Though he was ordained a priest in 1512/13, perhaps the first person to be so in the Americas, it would be another two years before his. He was the first to push for the Indians to receive rights. Columbus and the conquistadors who followed him strode over Amerindian peoples, from the islands of the Caribbean to the great complex Aztec (Nahua) and Inca empires of Mexico and Peru, and subordinated them to Spanish sovereignty and dominion in a cruel and barbarous fashion. By the year 1516, Las Casas began to advocate for the importation of African slaves to compensate for the decreasing Indians population. After Christopher Columbus there is no more prominent figure in the Spanish conquest of the Americas/the Encounter than the Dominican priest Bartolom de las Casas (b. He describes his accounts of how the Spaniards treated the Indians even with a high chance of repercussions to himself. Though he is affectionately remembered for his enthusiastic defense of the Indians, he is also well-known for his contributions to extending the African slave trade westward. In 1510 he became the first priest ordained in the Americas. He sailed on Christopher Columbus ’s third voyage (1498) and later became a planter on Hispaniola (1502). The Universal Negro Improvement Association of Marcus Garvey- the most prominent black Caribbean organization in Panama at the time-had originally sympathized with the labor militancy, but in the wake of working-class defeats, became increasingly anti-labor. Las Casas was one of the men that profited from this misery. Bartolome’ de las Casas was a priest maintainer of records for Christopher Columbus. Bartolom de Las Casas, (born August 1474, Sevilladied July 17, 1566, Madrid), Spanish historian and missionary, called the Apostle of the Indies.

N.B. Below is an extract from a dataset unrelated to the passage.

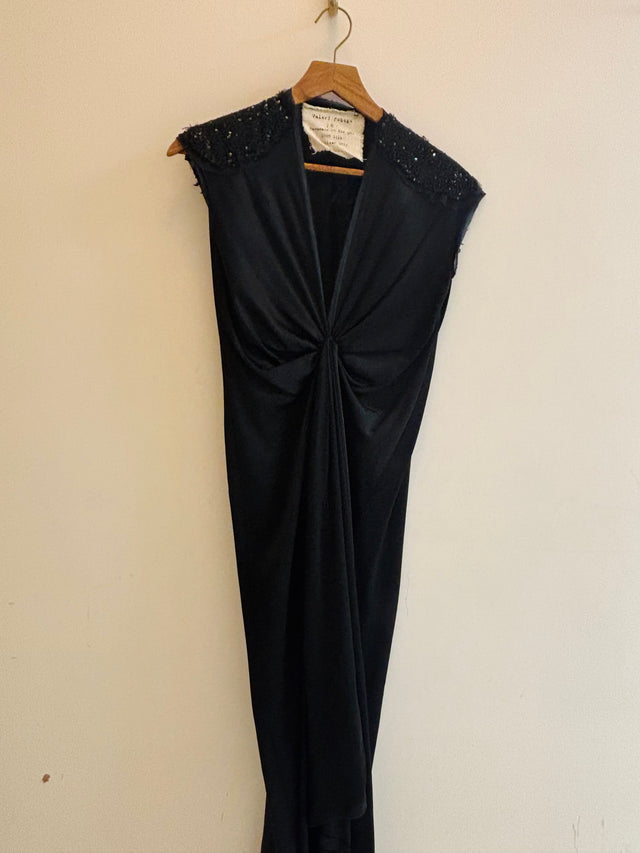 Valerj Pobega - Long Charmeuse Dress with Sequin Shoulder Accents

Between 15 he helped subjugate islands in the Caribbean, mostly notably Cuba. However, the defeat of these strikes undercut the development of a united-working-class movement in Panama, and caused many black Caribbean migrants to leave Panama and made many of those remaining wary of labor radicalism. In any case, de las Casas was a conquistador. Instead, there was an outpouring of labor militancy in this period, including two massive strikes. Bartolomé de las Casas was the 'Protector of the Indians' and one of the first human rights activists. In the face of this, these workers were not so passive or pro-British as they are often depicted. This was the right to exploit the labor of all the indigenous people who lived on a piece of land that de las Casas controlled. For this military service he received an encomienda. The Canal Zone authorities instituted Jim Crow style segregation (under the “Gold” and “Silver” system) to divide the work force, leaving black Caribbean workers paid less, discriminated against, and oppressed. In any case, de las Casas was a conquistador.

The presence of black people in the Panamanian isthmus went back centuries, West Indian migrants were especially discriminated against because they were English-speaking and Protestant.

The present article examines the rise and fall of Afro-Antillano militancy in both the U.S.- controlled Canal Zone and the Republic of Panama from 1914-1921. While the role of Caribbean immigrants in the “New Negro” movement in the United States is now well established, the concurrent militancy of black Caribbean workers in Panama is much less understood.